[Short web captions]
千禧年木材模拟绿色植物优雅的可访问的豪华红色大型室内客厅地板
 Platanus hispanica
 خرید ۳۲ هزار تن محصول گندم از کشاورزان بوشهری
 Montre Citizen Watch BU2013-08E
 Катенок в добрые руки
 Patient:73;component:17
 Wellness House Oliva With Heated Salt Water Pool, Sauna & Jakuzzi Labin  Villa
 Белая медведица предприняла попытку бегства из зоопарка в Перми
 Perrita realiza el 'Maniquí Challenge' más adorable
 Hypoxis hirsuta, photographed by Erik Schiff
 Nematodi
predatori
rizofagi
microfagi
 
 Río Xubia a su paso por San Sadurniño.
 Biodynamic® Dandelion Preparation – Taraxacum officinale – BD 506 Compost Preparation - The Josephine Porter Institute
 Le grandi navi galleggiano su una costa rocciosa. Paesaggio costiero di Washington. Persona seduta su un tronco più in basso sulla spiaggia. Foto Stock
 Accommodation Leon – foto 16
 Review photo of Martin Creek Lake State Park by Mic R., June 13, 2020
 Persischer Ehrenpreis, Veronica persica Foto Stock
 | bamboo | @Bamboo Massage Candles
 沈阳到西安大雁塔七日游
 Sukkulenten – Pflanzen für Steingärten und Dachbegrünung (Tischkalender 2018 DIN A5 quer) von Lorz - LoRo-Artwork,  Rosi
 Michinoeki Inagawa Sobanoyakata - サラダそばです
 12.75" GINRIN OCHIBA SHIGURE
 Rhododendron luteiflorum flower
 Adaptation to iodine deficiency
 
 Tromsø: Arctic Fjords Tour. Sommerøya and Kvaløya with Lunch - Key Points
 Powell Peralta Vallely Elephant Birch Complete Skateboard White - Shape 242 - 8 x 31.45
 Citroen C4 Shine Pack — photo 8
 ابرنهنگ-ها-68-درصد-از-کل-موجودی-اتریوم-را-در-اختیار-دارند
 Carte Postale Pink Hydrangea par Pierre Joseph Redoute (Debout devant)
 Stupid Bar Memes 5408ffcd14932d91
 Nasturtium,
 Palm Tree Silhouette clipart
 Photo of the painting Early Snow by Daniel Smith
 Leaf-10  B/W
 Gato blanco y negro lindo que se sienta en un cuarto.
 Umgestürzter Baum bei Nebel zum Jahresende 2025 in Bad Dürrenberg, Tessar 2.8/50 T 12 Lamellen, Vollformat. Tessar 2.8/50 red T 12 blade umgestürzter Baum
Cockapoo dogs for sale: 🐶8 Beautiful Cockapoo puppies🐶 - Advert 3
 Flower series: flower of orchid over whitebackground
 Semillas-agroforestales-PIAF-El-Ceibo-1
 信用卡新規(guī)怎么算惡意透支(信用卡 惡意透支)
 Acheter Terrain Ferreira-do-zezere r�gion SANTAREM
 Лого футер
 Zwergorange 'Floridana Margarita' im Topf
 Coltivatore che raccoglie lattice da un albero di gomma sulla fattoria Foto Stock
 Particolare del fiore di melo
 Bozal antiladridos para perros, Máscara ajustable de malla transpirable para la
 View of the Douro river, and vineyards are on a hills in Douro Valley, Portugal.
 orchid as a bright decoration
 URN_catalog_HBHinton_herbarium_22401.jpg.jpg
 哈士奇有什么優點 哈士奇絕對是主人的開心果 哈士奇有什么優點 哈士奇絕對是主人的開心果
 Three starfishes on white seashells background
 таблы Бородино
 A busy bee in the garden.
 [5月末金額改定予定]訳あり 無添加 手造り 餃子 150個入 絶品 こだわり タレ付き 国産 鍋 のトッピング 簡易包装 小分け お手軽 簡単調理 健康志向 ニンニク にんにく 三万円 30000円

Problem details: Write out exactly each line of the entries, starting at the one containing "Bozal antiladridos para" and finishing with the last line.

Exercise output:
 Bozal antiladridos para perros, Máscara ajustable de malla transpirable para la
 View of the Douro river, and vineyards are on a hills in Douro Valley, Portugal.
 orchid as a bright decoration
 URN_catalog_HBHinton_herbarium_22401.jpg.jpg
 哈士奇有什么優點 哈士奇絕對是主人的開心果 哈士奇有什么優點 哈士奇絕對是主人的開心果
 Three starfishes on white seashells background
 таблы Бородино
 A busy bee in the garden.
 [5月末金額改定予定]訳あり 無添加 手造り 餃子 150個入 絶品 こだわり タレ付き 国産 鍋 のトッピング 簡易包装 小分け お手軽 簡単調理 健康志向 ニンニク にんにく 三万円 30000円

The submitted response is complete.